En effet le «ripple» (oscillation) résiduel issu du redressement, si minime soit-il, est à l’origine d’émissions électromagnétiques, certes faibles, mais qu’il convient de caractériser dans un environnement sensible. Comme mentionné précédemment pour les stations de conversion, le spectre d’observation et d’analyse était compris entre 9 kHz et 1 GHz.
Dans une approche «cycle en V», l’ensemble des prédictions a d’abord été présenté aux autorités de sécurité nationale et gouvernementale du tunnel sous la Manche. Ces prédictions ont ensuite été confirmées par des campagnes de mesures complètes, impliquant la circulation des trains. Ces mesures ont conclu en détail à l’absence de perturbations sur les équipements ferroviaires.
En parallèle, toutes les vérifications réglementaires relatives à l’exposition des personnes aux champs alternatifs et statiques ont été réalisées: dans l’environnement proche des câbles HVDC dans le tunnel nord, mais aussi à bord des trains y circulant (Eurotunnel Le Shuttle, Eurostar).
Autres thèmes de l’intégration ferroviaire
Bien d’autres aspects ont dû être traités pour démontrer la parfaite intégration d’ElecLink dans l’environnement préexistant du tunnel sous la Manche:
- Le dégagement d’énergie (energy release) en cas de court-circuit sur un câble HVDC dans le tunnel: l’objectif était de confirmer que l’énergie d’un arc électrique consécutif à ce défaut n’était pas préjudiciable pour l’environnement ferroviaire (infrastructure et matériel roulant).
- Les scénarios incendie, soit l’étude des effets d’un incendie dans le tunnel sur la liaison HVDC et prise en considération dans les procédures ad hoc de gestion d’une telle situation.
- Le refroidissement du tunnel sous la Manche: la dissipation de la chaleur engendrée dans le tunnel nord par le transit de puissance dans la ligne HVDC a été considérée dans des études associant la ventilation naturelle de la galerie ferroviaire (mouvement des trains) et le dimensionnement du système de refroidissement (tuyauterie d’origine sur les 50 km et usines de refroidissement en surface).
- L’adaptation de la flotte des trains de travaux utilisés pour la maintenance dans le tunnel. Dès lors que la liaison HVDC est exploitée 24h/24, les câbles demeurent sous tension. Les trains utilisés pour la maintenance des autres systèmes du tunnel nord ont dû être adaptés pour garantir les conditions de sécurité requises (écran de protection, mur virtuel pour les nacelles utilisées pour les accès en hauteur, etc.).
Et il ne s’agit-là que des aspects les plus importants.
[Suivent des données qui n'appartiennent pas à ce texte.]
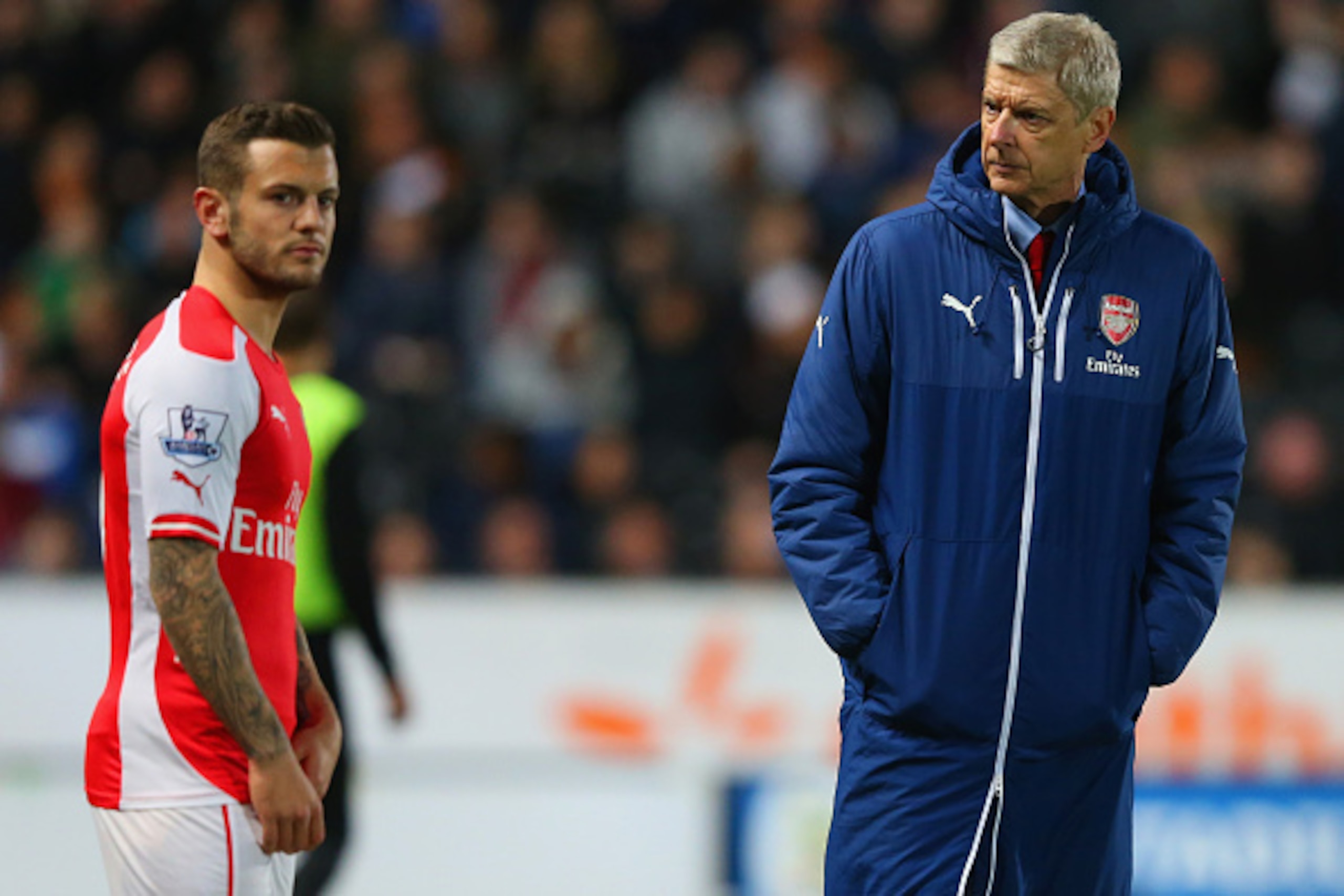 HULL, ENGLAND - MAY 04:  Arsene Wenger manager of Arsenal looks on as Jack Wilshere of Arsenal prepares to come onto the pitch during the Barclays Premier League match between Hull City and Arsenal at KC Stadium on May 4, 2015 in Hull, England.  (Photo by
Un premier retour d’expérience
La liaison ElecLink a été mise en service en mai 2022 et fonctionne presque sans interruption depuis. Ces premiers mois d’exploitation permettent de confirmer que les choix de conception et de construction étaient pertinents. Les câbles HVDC font désormais partie des actifs du tunnel sous la Manche et n’influencent absolument pas le fonctionnement des systèmes ferroviaires. La liaison à courant continu fait évidemment l’objet d’une surveillance longitudinale grâce à des systèmes de monitoring disposés tout au long de ses 50 km.
Le contexte géopolitique de l’année 2022 et du début d’année 2023 met sous pression les capacités de production et de transport de l’électricité en Europe. Les interconnecteurs, en rendant fluides les échanges entre les pays, constituent un élément clé de la résilience des réseaux et seraient, sans nul doute, cruciaux dans le «redémarrage» en cas de crise sérieuse. ElecLink dépasse donc largement le cadre du projet d’infrastructures unidisciplinaire. Son niveau d’innovation et d’intégration en fait une référence internationale dans la conception multifonctionnelle des ouvrages de transport.